SU(2|2) for Theories with Sixteen Supercharges at Weak and Strong Coupling

TL;DR

This paper explores the algebraic structure and integrability properties of supersymmetric gauge theories with sixteen supercharges, analyzing their weak and strong coupling regimes through dimensional reduction, spin chain models, and string duals.

Contribution

It explicitly constructs the SU(2|2) algebra at strong coupling and constrains the spin chain and S-matrix structures at weak coupling, revealing signs of integrability.

Findings

Signs of integrability up to two-loop order in the three-dimensional theory.

Explicit construction of the SU(2|2) algebra at strong coupling.

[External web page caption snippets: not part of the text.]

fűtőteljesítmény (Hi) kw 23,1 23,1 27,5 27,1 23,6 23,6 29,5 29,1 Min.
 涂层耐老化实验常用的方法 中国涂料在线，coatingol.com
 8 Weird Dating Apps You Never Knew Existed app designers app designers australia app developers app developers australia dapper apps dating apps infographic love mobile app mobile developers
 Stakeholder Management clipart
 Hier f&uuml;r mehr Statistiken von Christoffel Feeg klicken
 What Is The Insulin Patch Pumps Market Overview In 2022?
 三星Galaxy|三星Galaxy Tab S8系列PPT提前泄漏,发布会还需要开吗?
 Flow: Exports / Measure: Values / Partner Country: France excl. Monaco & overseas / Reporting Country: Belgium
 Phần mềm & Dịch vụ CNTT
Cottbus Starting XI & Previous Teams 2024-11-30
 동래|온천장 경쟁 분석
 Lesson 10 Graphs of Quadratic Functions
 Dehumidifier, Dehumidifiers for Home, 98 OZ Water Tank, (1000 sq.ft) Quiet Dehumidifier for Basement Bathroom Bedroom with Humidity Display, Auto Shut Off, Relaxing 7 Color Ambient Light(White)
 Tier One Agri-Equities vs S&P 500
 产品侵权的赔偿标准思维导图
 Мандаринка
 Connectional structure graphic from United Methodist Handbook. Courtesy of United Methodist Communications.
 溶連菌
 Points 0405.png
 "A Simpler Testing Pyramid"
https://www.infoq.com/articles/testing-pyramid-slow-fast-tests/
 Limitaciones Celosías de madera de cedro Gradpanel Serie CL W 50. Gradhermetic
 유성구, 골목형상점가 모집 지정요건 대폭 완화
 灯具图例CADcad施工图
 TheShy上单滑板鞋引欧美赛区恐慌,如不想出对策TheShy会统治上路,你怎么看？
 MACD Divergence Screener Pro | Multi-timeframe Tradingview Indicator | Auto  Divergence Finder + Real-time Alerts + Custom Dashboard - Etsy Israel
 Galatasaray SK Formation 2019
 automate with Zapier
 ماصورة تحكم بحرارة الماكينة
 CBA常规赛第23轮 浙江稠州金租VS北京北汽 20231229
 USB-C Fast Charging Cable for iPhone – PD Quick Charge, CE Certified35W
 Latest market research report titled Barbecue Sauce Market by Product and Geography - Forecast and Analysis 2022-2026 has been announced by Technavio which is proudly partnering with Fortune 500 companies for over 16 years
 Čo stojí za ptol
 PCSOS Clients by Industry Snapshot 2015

Identification of the string dual as the IIA plane-wave geometry.

Abstract

We consider the dimensional reductions of N=4 Supersymmetric Yang-Mills theory on R x S^3 to the three-dimensional theory on R x S^2, the orbifolded theory on R x S^3/Z_k, and the plane-wave matrix model. With explicit emphasis on the three-dimensional theory, we demonstrate the realization of the SU(2|3) algebra in a radial Hamiltonian framework. Using this structure we constrain the form of the spin chains, their S-matrices, and the corresponding one- and two-loop Hamiltonian of the three dimensional theory and find putative signs of integrability up to the two-loop order. The string duals of these theories admit the IIA plane-wave geometry as their Penrose limit. Using known results for strings quantized on this background, we explicitly construct the strong-coupling dual extended SU(2|2) algebra and discuss its implications for the gauge theories.